:: Dataset section ::

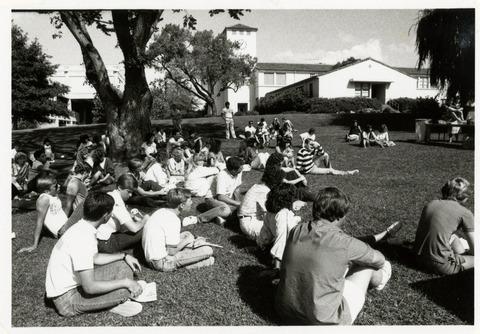 Students sitting on lawn outside Architecture building and Education building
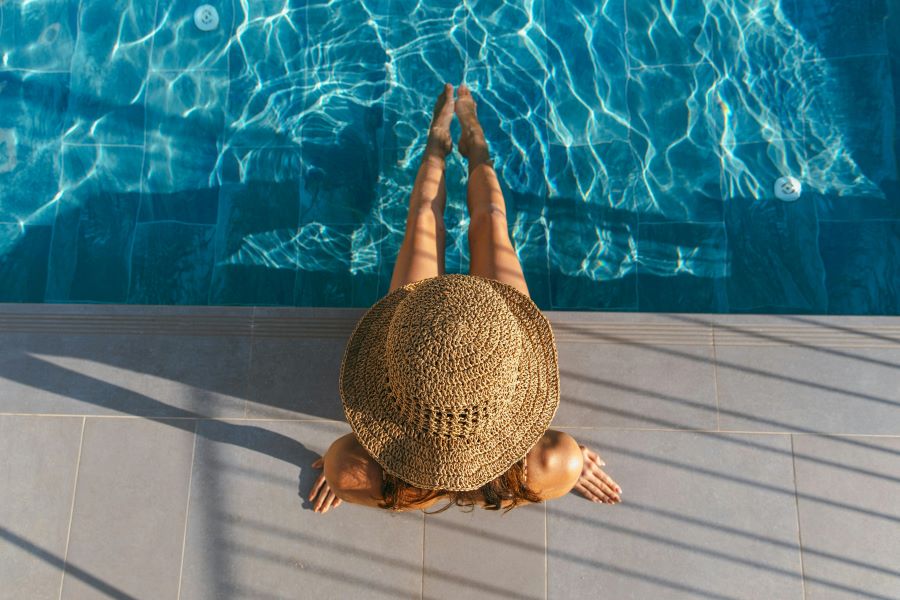 how long does a spray tan last | woman wearing sunhat with feet in pool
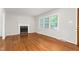 Inviting living room with hardwood floors, fireplace, and plenty of natural light streaming through the windows at 2917 Trail Six, Burlington, NC 27215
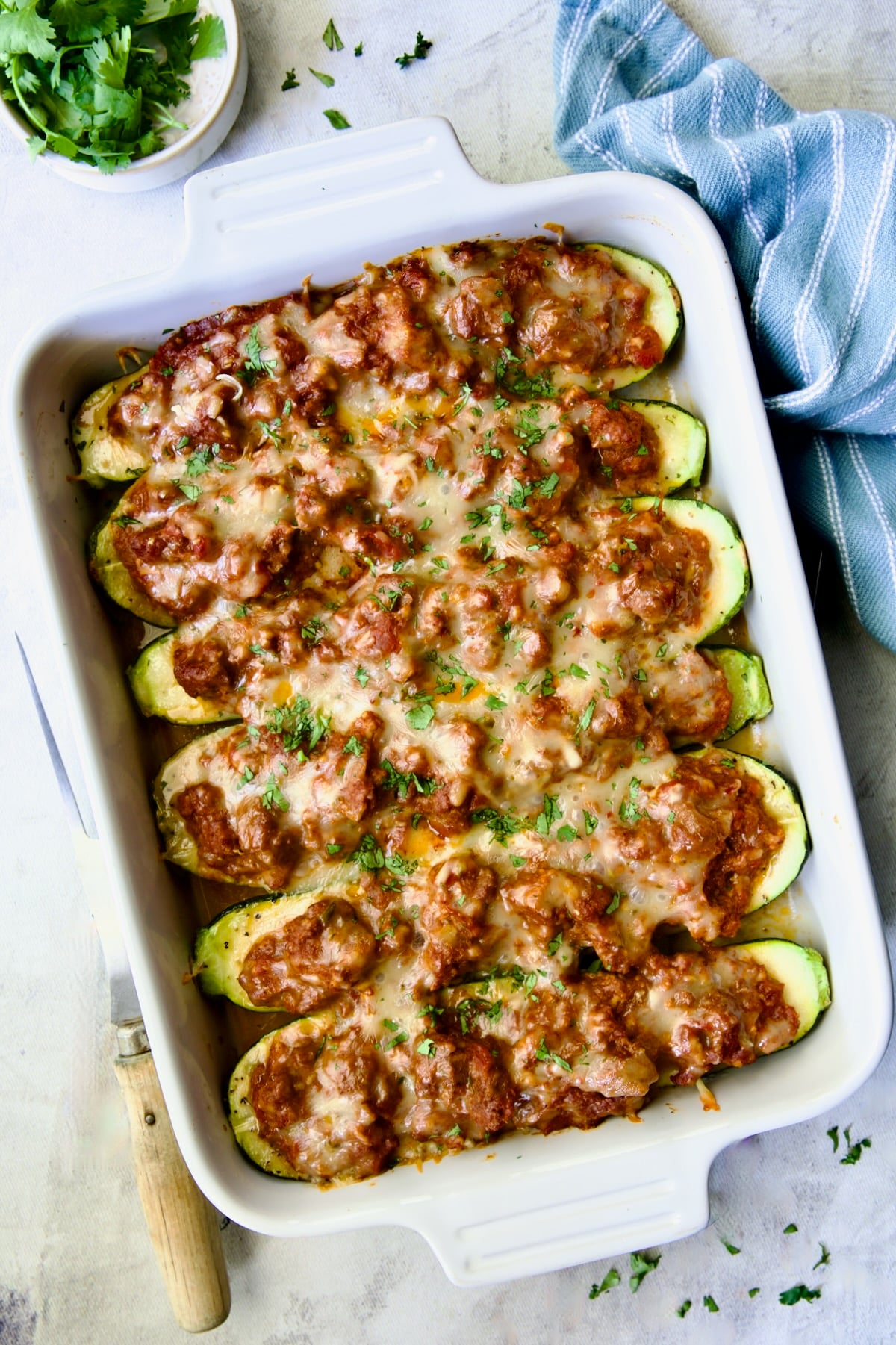 Six baked Chorizo-Stuffed Zucchini in white rectangular baking dish.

:::

The task
An exact retyping of the material, minus the pictures, is the required answer.

Response area
 Students sitting on lawn outside Architecture building and Education building
 how long does a spray tan last | woman wearing sunhat with feet in pool
 Inviting living room with hardwood floors, fireplace, and plenty of natural light streaming through the windows at 2917 Trail Six, Burlington, NC 27215
 Six baked Chorizo-Stuffed Zucchini in white rectangular baking dish.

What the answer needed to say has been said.